Elles absorbent plus de dioxyde de carbone pour croître plus vite. Ou alors, plus d’azote atmosphérique pour diminuer l’utilisation d’engrais. Leurs racines sont quasi imputrescibles pour ralentir les changements climatiques. À la mi-février, au congrès annuel de l’Association américaine pour l’avancement de la science (AAAS) à Washington, des agronomes ont montré comment leurs céréales transgéniques pourraient aider à nourrir 10 milliards de personnes en ménageant la planète.

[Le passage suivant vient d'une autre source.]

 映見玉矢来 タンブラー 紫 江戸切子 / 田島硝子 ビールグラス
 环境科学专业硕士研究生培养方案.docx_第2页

Améliorer la photosynthèse

La respiration des plantes va dans le sens inverse de la nôtre : la photosynthèse transforme le CO2 atmosphérique en oxygène et en matière organique. Une douzaine de projets d’agronomie visent à améliorer le processus. « Nous pensons qu’il sera possible d’améliorer de 50 % l’efficacité énergétique de la photosynthèse », explique Daniel Ort, de l’Université de l’Illinois, qui présentait ses travaux à Washington. « Notre centre vise à diminuer la consommation d’énergie liée à la transformation de produits toxiques de la photosynthèse en molécules utiles pour la plante. Nous avons fait la preuve du concept sur le tabac. » D’autres groupes travaillent sur l’augmentation du nombre de nanopores où l’absorption du CO2 a lieu, sur les zones de la plante où le CO2 est concentré, ou encore sur les bactéries qui facilitent la photosynthèse. L’objectif est d’améliorer les rendements agricoles, pas d’augmenter la capture de CO2 par les plantes. La première culture qui bénéficiera de ces avancées, d’ici moins de trois ans, selon M. Ort, sera la patate, cible de trois des groupes de recherche. Ensuite viendront le soja, le riz, le dolique à œil noir (une légumineuse) ainsi que le manioc. « La technologie sera cruciale pour nourrir l’Afrique. Il faut cependant que le continent surmonte sa réticence à utiliser les plants transgéniques. Les choses semblent changer, le Nigeria vient d’approuver sa première variété Bt, pour le dolique à œil noir. » Le Bt est une molécule produite par une bactérie qui est toxique pour certains insectes ravageurs.

Des racines durables

Sans la photosynthèse des plantes, l’augmentation de la concentration de gaz à effet de serre dans l’atmosphère serait de deux à trois fois plus rapide. Elle permet d’enfouir le carbone du CO2 dans le sol quand la plante et ses racines meurent. Mais les microbes digèrent ensuite ce carbone et libèrent du méthane. À l’Institut Salk, en Californie, un projet de recherche vise depuis deux ans à rendre les racines plus résistantes aux microbes.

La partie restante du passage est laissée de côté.